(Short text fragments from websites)
• • • • •
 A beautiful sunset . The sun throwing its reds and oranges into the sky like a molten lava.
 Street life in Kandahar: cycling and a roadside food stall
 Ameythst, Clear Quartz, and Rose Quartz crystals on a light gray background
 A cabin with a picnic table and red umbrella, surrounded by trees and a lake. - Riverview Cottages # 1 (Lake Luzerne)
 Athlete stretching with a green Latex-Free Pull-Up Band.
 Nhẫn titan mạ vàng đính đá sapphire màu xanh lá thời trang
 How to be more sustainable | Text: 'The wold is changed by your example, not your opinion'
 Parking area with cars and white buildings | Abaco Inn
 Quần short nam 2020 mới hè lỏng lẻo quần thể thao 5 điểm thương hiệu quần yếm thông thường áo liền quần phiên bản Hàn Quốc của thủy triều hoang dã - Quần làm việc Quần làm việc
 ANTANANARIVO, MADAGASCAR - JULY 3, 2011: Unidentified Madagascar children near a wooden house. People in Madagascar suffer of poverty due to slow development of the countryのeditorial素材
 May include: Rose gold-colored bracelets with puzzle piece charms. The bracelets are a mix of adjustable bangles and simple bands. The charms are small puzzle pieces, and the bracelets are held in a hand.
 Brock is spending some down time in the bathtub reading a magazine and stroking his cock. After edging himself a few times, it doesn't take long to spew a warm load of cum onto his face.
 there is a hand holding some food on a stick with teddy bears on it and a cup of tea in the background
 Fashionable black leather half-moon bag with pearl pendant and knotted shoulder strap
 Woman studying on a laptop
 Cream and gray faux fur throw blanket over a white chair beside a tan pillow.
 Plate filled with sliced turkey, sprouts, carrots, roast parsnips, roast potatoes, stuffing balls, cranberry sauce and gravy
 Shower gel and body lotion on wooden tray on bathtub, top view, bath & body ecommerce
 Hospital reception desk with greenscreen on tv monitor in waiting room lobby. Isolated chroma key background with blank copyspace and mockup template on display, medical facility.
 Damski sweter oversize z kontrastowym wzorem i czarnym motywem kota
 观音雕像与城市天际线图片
• • • • •
▶ _ACTIVITY_:
Once you reach the line with "Fashionable black leather" in the data above, copy it and every line after it exactly, up to and including the line with "Plate filled with".

▶ _SOLUTION TO THIS PROBLEM_:
 Fashionable black leather half-moon bag with pearl pendant and knotted shoulder strap
 Woman studying on a laptop
 Cream and gray faux fur throw blanket over a white chair beside a tan pillow.
 Plate filled with sliced turkey, sprouts, carrots, roast parsnips, roast potatoes, stuffing balls, cranberry sauce and gravy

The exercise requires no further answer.